Post by Admin on Jan 5, 2021 5:15:20 GMT
Deep introgression results
Having demonstrated reasonable power and accuracy in a simulation setting, we turned to an analysis of real modern and archaic human genomes. Our goals for this study were to identify and characterize introgressed regions from previously proposed migration events, as well as to look for evidence for new migration events, perhaps not detectable by other methods. Our data set consisted of two Africans from the SGDP [24], two Neanderthals [2, 9], the Denisovan [4], and a chimpanzee outgroup. For inference, we again assumed the demography illustrated in Fig 3, considering the old migration events only. We focus here on the model with tmig = 250kya and tdiv = 1Mya, because this model seemed to result in high power in all our simulation scenarios, and because our results suggest that it may be the most realistic (as discussed below). The results using other models are consistent with those presented here (see S1 Text).

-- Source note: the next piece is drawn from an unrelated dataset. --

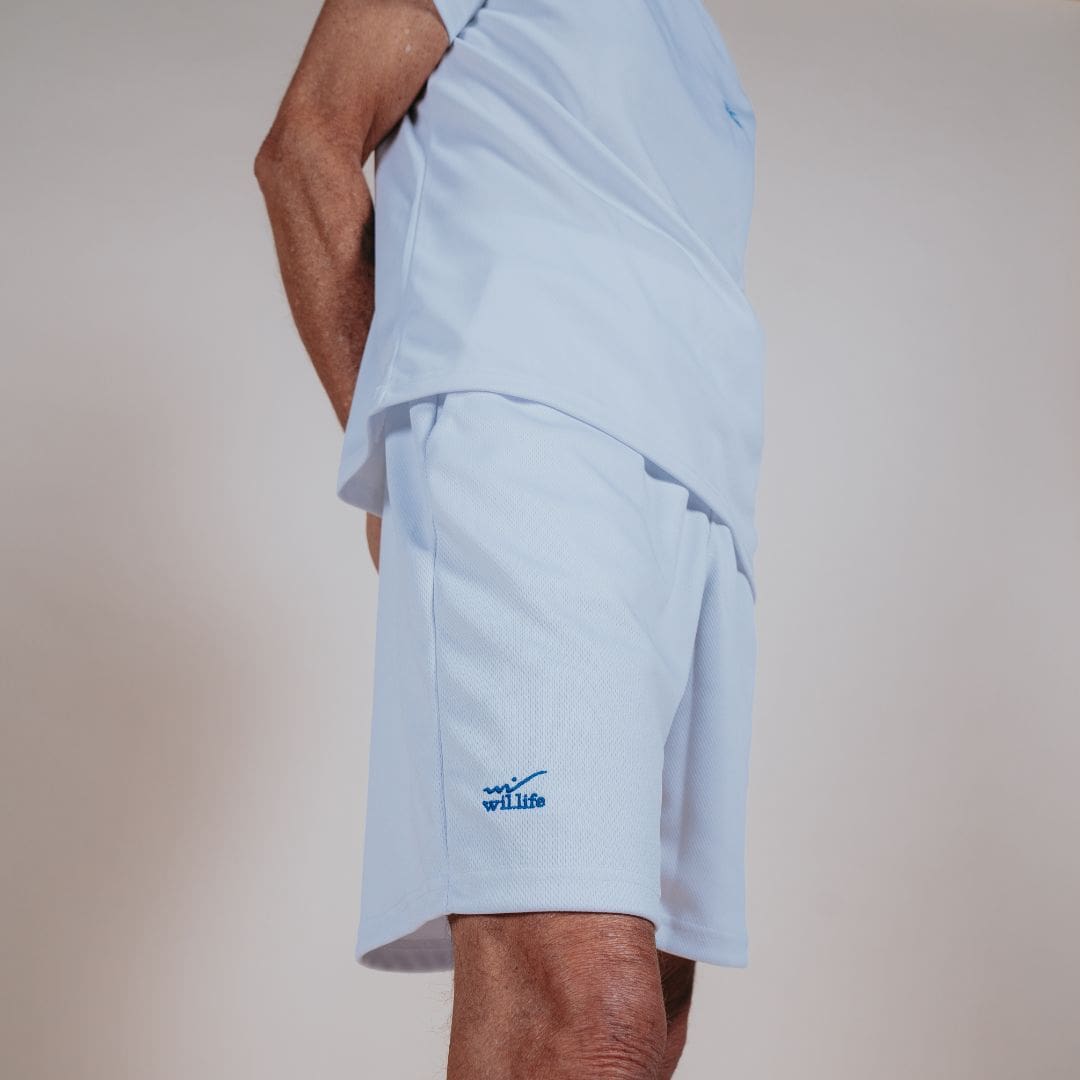 Ensemble homme: T-shirt et short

Overall, we find that Hum→Nea regions are called most frequently, at a rate of ∼3% in both the Altai and Vindija Neanderthal (Fig 6; see also S3 Fig). This number is almost certainly an underestimate, given that the true positive rate for this model was estimated at 30–55%. By contrast, only ∼0.37% of regions are classified as Hum→Den. As no previous study has found evidence for Hum→Den migration, this migration band serves as a control, supporting our false positive rate estimate of 0.41% from simulations.
Fig 6. Genome-wide coverage of predicted ancient introgression.
Each bar shows total average coverage for a haploid genome, with darker shading (at bottom) representing homozygous calls. Solid bars are for autosomes, and striped bars for chromosome X. Predictions were based on a posterior probability cutoff of 0.5.
As noted, there is a well-known depletion on the X chromosome of archaic introgression into humans. By contrast, we observe high coverage of Hum→Nea introgression on the X chromosome for both the Altai and Vindija samples. Indeed, the coverage is somewhat higher on the X chromosome than the autosomes. However, this difference is likely due in large part to increased power on the X; simulations suggest that power will be ∼20% higher for this event when effective population sizes are multiplied by 0.75 (S4 Fig). Nevertheless, we observe considerable variation in detected introgression across the chromosomes, and several autosomal chromosomes have higher predicted coverage than the X, including chromosomes 1, 6, 21, and 22 (S3 Fig).
Although the Vindija sample is younger by 70kya than the Altai sample [9], it shows no depletion of human ancestry on the autosomes, suggesting that negative selection did not cause a significant loss of human introgressed regions during that interval. However, some individual chromosomes do show decreases in coverage from Altai to Vindija, with the largest drop on the X chromosome (S3 Fig).
Other migration events are detected at lower levels. We identify 1% of the Denisovan genome as introgressed from a super-archaic hominin—roughly double the estimated false positive rate (0.49%) for this event. Our apparent weak power for these events (another group has estimated ∼6% introgression [9]) suggests that the super-archaic divergence may have been somewhat recent (perhaps closer to 1Mya than 1.5Mya). Still, this analysis resulted in 27Mb of sequence that may represent a partial genome sequence from a previously unsequenced archaic hominin. In addition, ARGweaver-D predicted that a small fraction of the Neanderthal genomes is introgressed from a super-archaic hominin (0.75% for Altai and 0.70% for Vindija), an event that has not been previously hypothesized. However, these fractions only slightly exceed the estimated false positive rate (0.65%), so these results are likely dominated by spurious predictions.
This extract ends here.